Captioned web image data
⟨

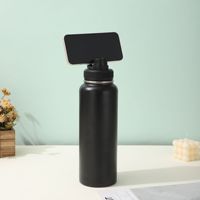Botol air dinding ganda baja tahan karat portabel ramah lingkungan OEM murah baru dapat digunakan kembali dengan tutup dudukan ponsel magnetis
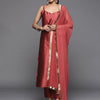 Dhiyona VR Women's Maroon Embroidered Straight Kurta, Round Neck With Side Slits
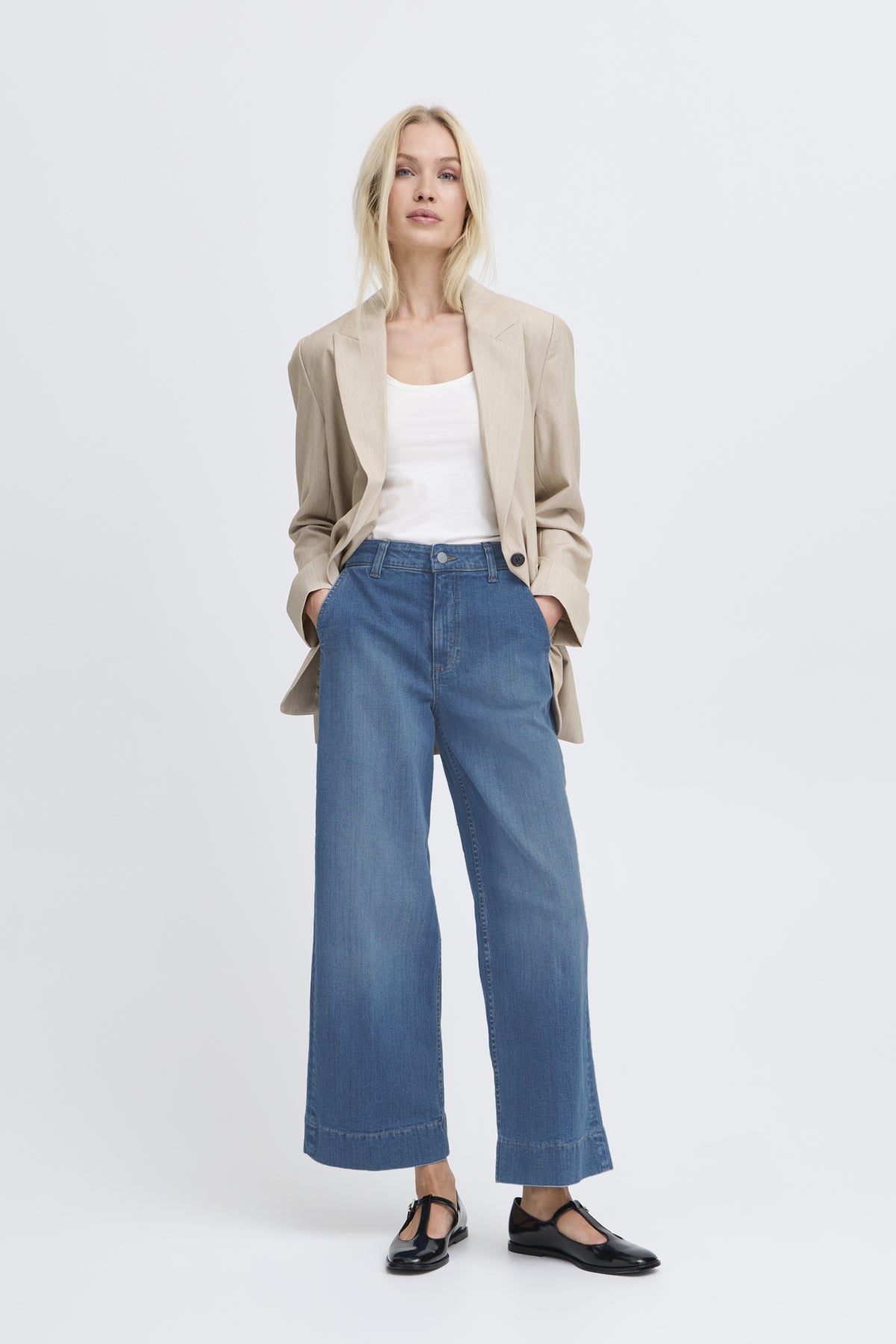 B Young Komma Cropped Jeans - Light Blue Denim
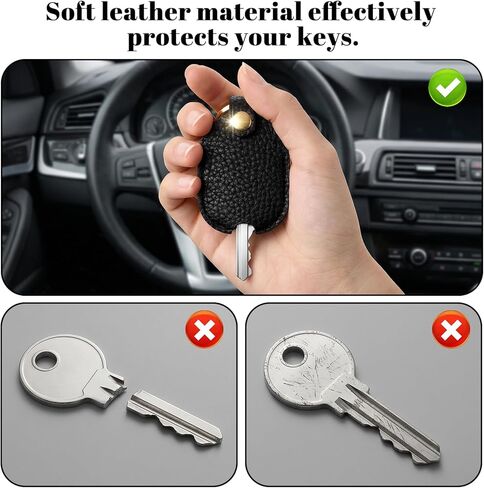 2 PCS Leather Car Key Cover, Black Leather Key Sleeve for Broken Sleeve Broken Cars Keys Loop Replacement Keyring Protector Covers Caps with Iron Keyring for Women Men in Saudi Arabia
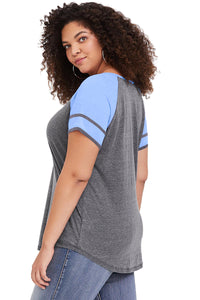 Sky Blue Raglan Short Sleeve Plus Size Tee - Aoka Styles Australia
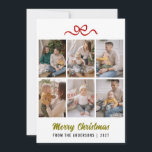 Minimalist Red Ribbon Merry Christmas Multi Photo Holiday Card<br><div class="desc">Celebrate with simplicity using this clean white 6-photo layout adorned with festive red accents. This elegant design puts all the focus on your cherished holiday snapshots and heartfelt family wishes.</div>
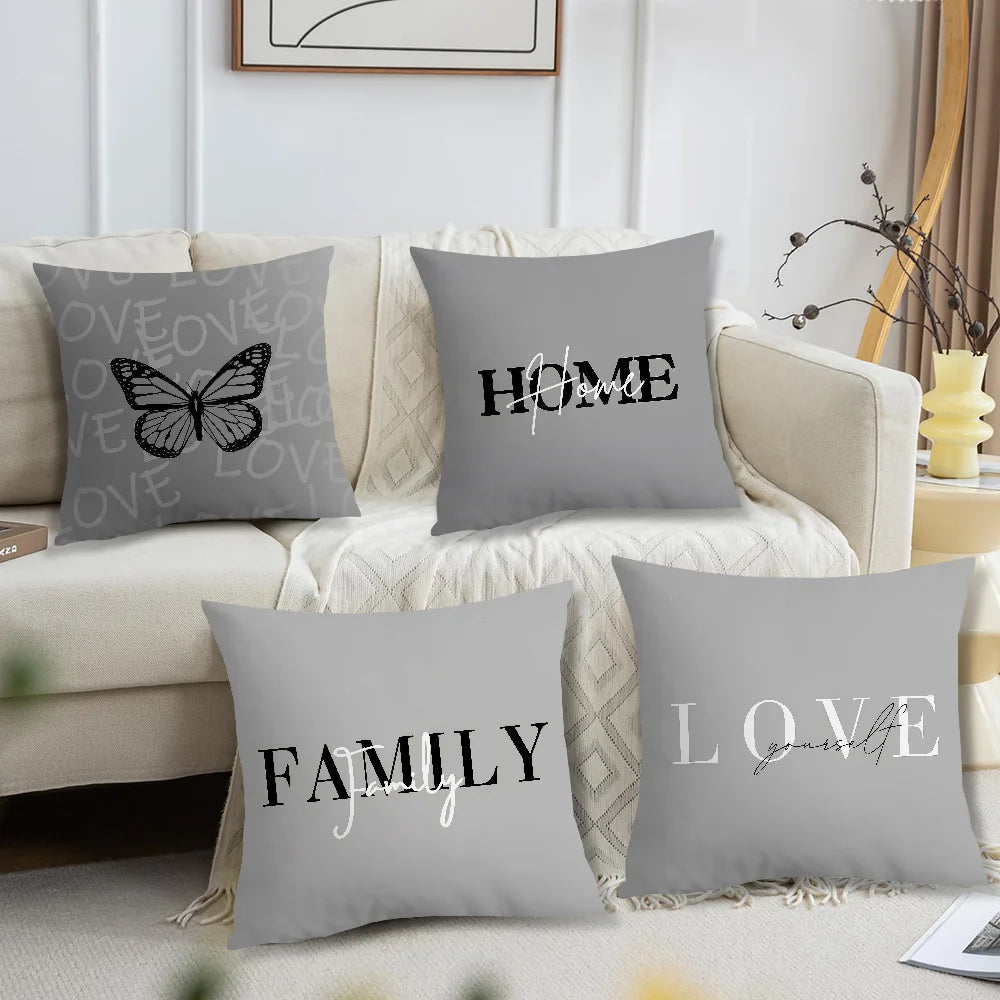 Flower Pattern Love Comfortable Soft Pillow Case White for Sofa Living Room Home Office Decor Gray Geometry Protective Covers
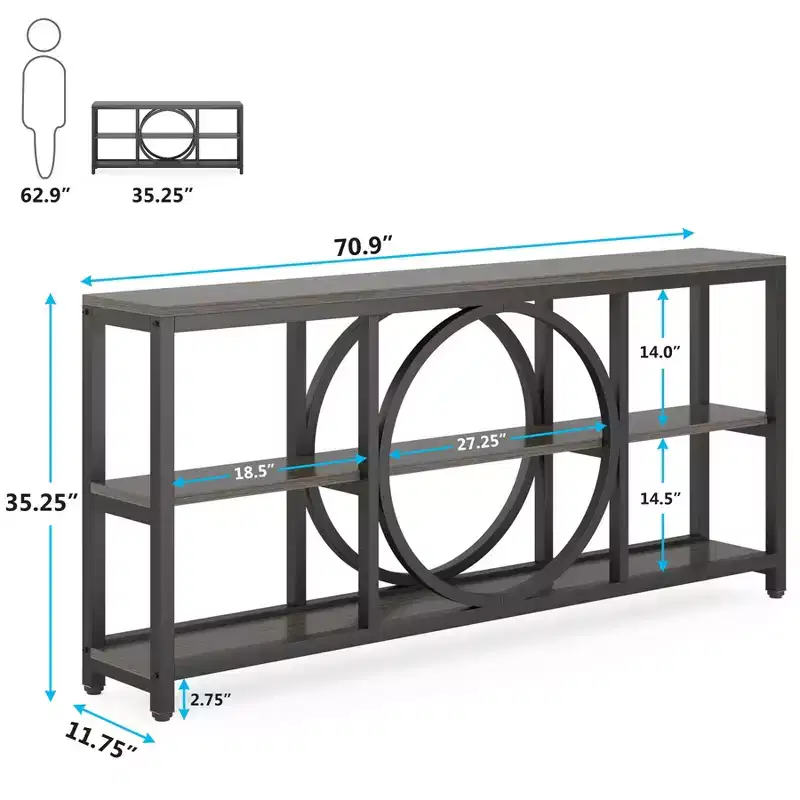 Lantine 70.9 inches 3-Tier Extra Long Console Table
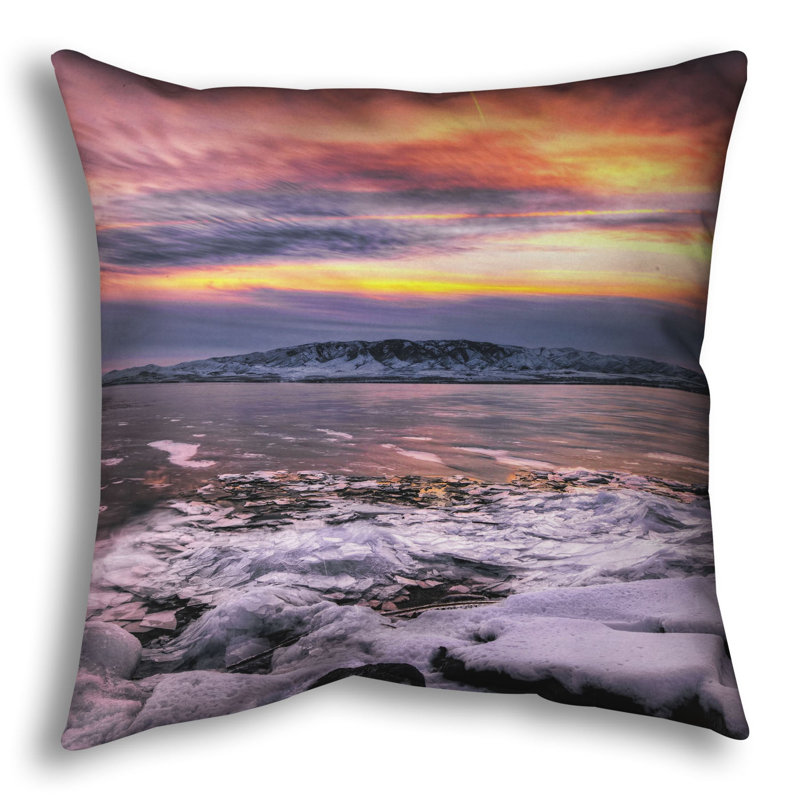 Throw Pillow, Winter Sunset by Scott Barlow, Blue Nature, Square 20"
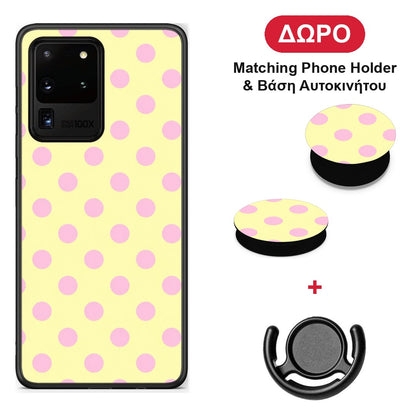 Pink Polka Dots on Yellow - Samsung Galaxy S20 Ultra θήκη + Δώρο Phone Holder & Βάση Αυτοκινήτου
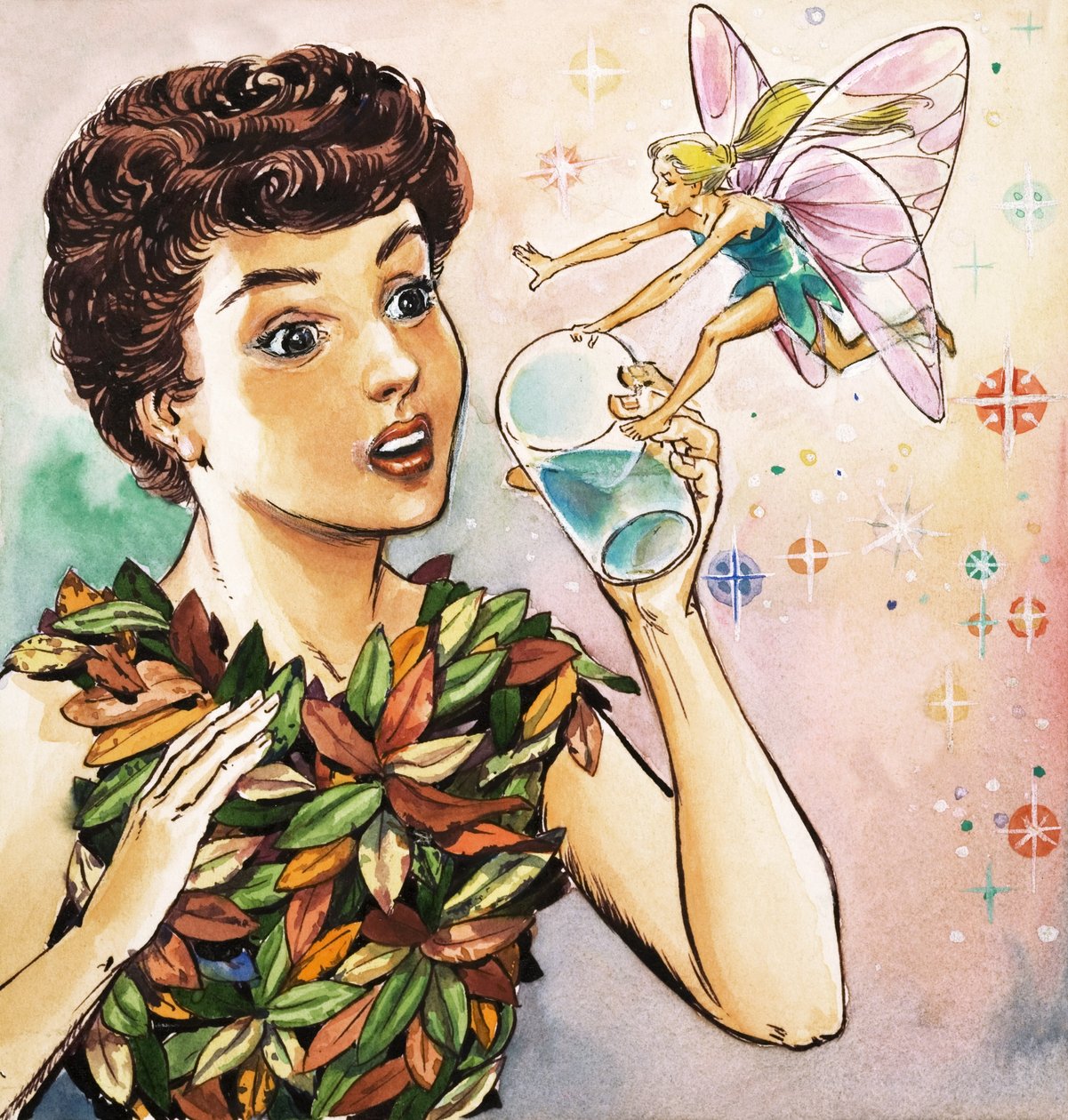 Campanilla advierte a Peter Pan, ilustración de "Peter Pan" de J.M. Barrie (gouache sobre papel) de Nadir Quinto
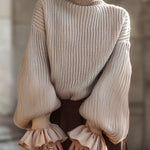 Cream Knit Turtleneck Sweater With Ruffled Cuffs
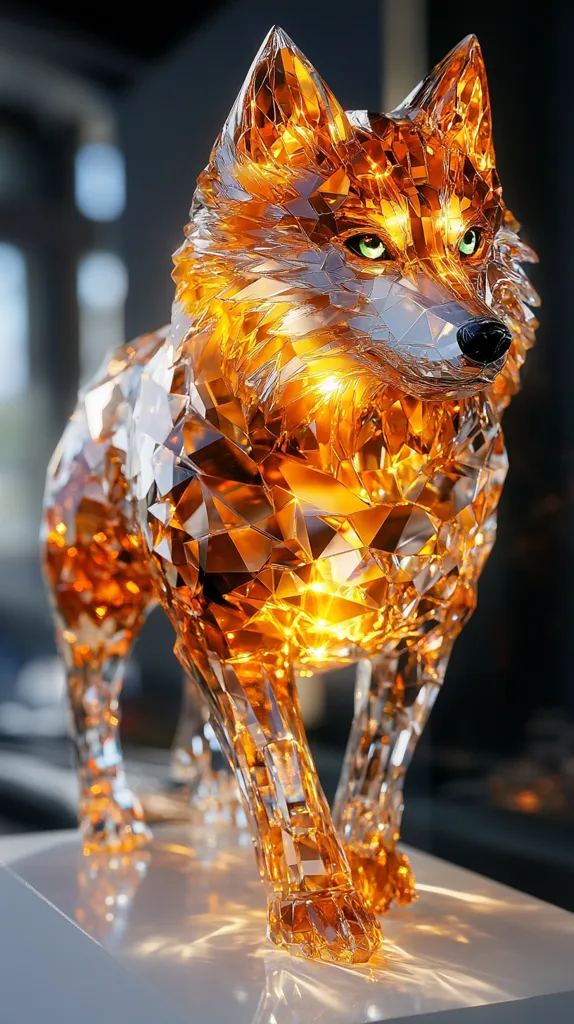 A stunning amber crystal wolf sculpture stands on a white base.  Its facets catch the light, creating a warm, glowing effect.  The wolf is depicted in a poised stance, its detailed features meticulously crafted. The intricate design showcases the artistry of the piece, transforming the animal into a mesmerizing work of art.  Internal lighting enhances the amber hue and crystalline structure.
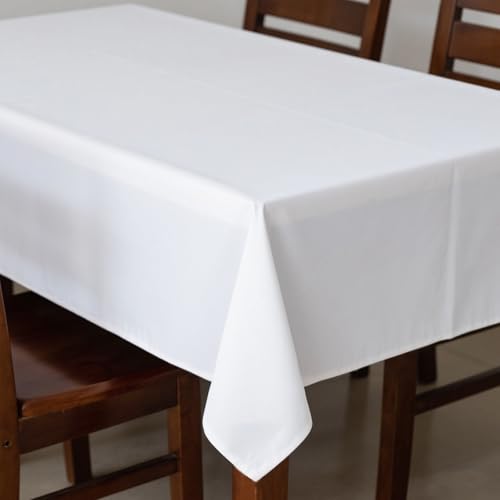 MRJ Polyester Tablecloth 60 X 84 Inch White Rectangle Table Cloth Washable Fabric Table Cover for Restaurant Hotel Wedding - Image 1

⟩

Return only the lines running from the top of the data to the line that holds "Minimalist Red Ribbon". Include both of those lines, but skip the pictures.

Answer to this problem –
Botol air dinding ganda baja tahan karat portabel ramah lingkungan OEM murah baru dapat digunakan kembali dengan tutup dudukan ponsel magnetis
 Dhiyona VR Women's Maroon Embroidered Straight Kurta, Round Neck With Side Slits
 B Young Komma Cropped Jeans - Light Blue Denim
 2 PCS Leather Car Key Cover, Black Leather Key Sleeve for Broken Sleeve Broken Cars Keys Loop Replacement Keyring Protector Covers Caps with Iron Keyring for Women Men in Saudi Arabia
 Sky Blue Raglan Short Sleeve Plus Size Tee - Aoka Styles Australia
 Minimalist Red Ribbon Merry Christmas Multi Photo Holiday Card<br><div class="desc">Celebrate with simplicity using this clean white 6-photo layout adorned with festive red accents. This elegant design puts all the focus on your cherished holiday snapshots and heartfelt family wishes.</div>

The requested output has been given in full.